New artificial intelligence (AI) tools are changing the way restaurants analyze customer data, test food safety, and even recreate scents in the lab. The technology includes a natural language assistant for querying loyalty programs, an electronic tongue that achieved 95% accuracy in detecting food problems, and a system that can capture and reproduce specific scents in different locations. Included.
Restaurants use new AI tools to decipher customer data
Paytronix this week announced an AI assistant that helps restaurants and convenience stores understand loyalty program data through simple questions and answers.
New tools allow staff to query customer information in plain language, like asking about top-selling products or tracking redemptions, instead of digging through complex reports and analytics.
“PX Assistant brings an overview of important data and recommendations for improving your loyalty program to your program in seconds,” said Christine Cocce, director of marketing at Legal Seafoods, who tested the system in beta, in a news release. I am.
The AI assistant analyzes spending patterns and suggests marketing campaigns based on actual customer behavior. Track daily, weekly, and monthly loyalty spend across stores, allowing businesses to identify trends in how customers use their rewards.
By simplifying access to customer insights, this tool helps level the playing field for smaller operations that don’t require a dedicated analytics team. The Assistant provides relevant suggestions based on transaction data for each brand.
While AI tools are becoming more commonplace in restaurant tech stacks, Paytronix aims to make them especially accessible by focusing on natural language queries that don’t require technical expertise.
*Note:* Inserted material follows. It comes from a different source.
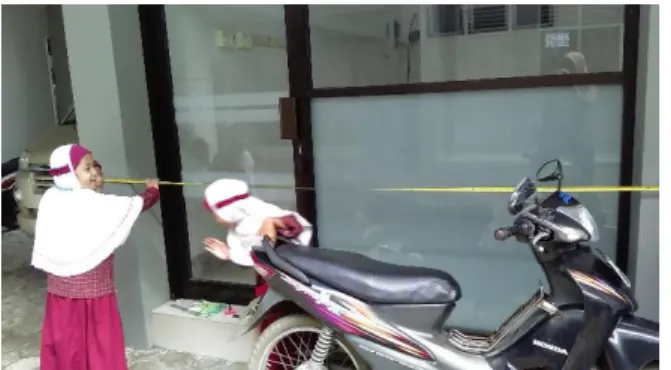 Gambar 8. Pengukuran Panjang Laboratorium Komputer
Masu.
AI proves it has better taste than humans in food safety technology
In a surprising development that could revolutionize food safety testing, AI has proven it has better “taste” than its human creators. Researchers at Penn State University found that when they let an AI-powered electronic tongue decide on its own how to analyze food and beverages, it achieved an astonishing 95% accuracy. This is better than the 80% accuracy achieved using human-specified parameters.
The breakthrough device, detailed in Nature, combines a graphene-based sensor with a neural network to detect everything from watered down milk to spoiled juice. But the real story happened when the researchers let the AI define the evaluation criteria, rather than using human-specified parameters.
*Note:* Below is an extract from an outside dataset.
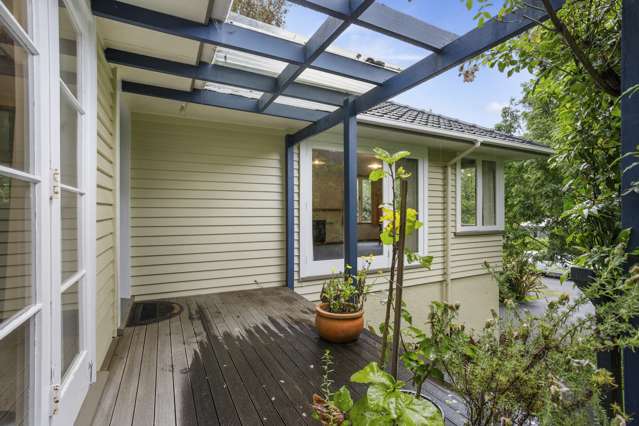 2 York Road Titirangi_3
Using game theory, the team gained unprecedented insight into the AI’s decision-making process, revealing that the AI analyzes data holistically rather than checking individual parameters like humans do. I did. This more nuanced approach has the potential to transform food safety testing and medical diagnostics, providing a faster and more accurate alternative to traditional testing methods.
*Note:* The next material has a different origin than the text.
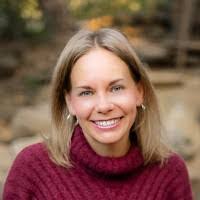 Bethany Cass's Instagram, Twitter & Facebook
Scientists use AI to remotely capture and recreate scents
Osmo scientists have combined AI and molecular analysis techniques to develop a system that can analyze and reproduce scents in various locations.
The process uses gas chromatography-mass spectrometry (GCMS) to identify the molecular components of odors, which are then mapped and reconstructed using an AI-guided formulation robot. In initial tests, we were able to successfully recreate the scent of coconut throughout a laboratory space.
“Our ongoing data collection process will reduce the number of mysterious molecules and provide new ways to reproduce them,” Osmo founder and CEO Alex Wilczko said in a news release. This is an effort to find out.” The team has built the largest AI-compatible scent database to date.
This system faces significant technical hurdles, especially regarding subtle compounds that are difficult to detect but important to the overall aroma profile. Sulfur compounds found in tropical fruits have proven particularly difficult to capture and reproduce accurately.
This technology combines several AI approaches. The basic algorithm processes existing scent data, and the machine learning model predicts the formula from the GCMS readings. The “Key Smell Map” plots scents in multidimensional space to guide recreation. Although this process is largely automated, it still requires human oversight.
For molecular analysis, liquid samples are injected directly into the GCMS system, whereas for solid objects such as fruit, headspace analysis is required to capture airborne molecules around the sample. The data is uploaded to cloud storage, where an AI system interprets the molecular patterns and instructs a robotic system to mix recreationally suitable compounds.
The research team plans to begin limited public testing, but acknowledges that further development is needed to perfect the technology. This research could have implications for a variety of industries, from perfumery to food science, where accurate scent analysis and reproduction is a valuable tool.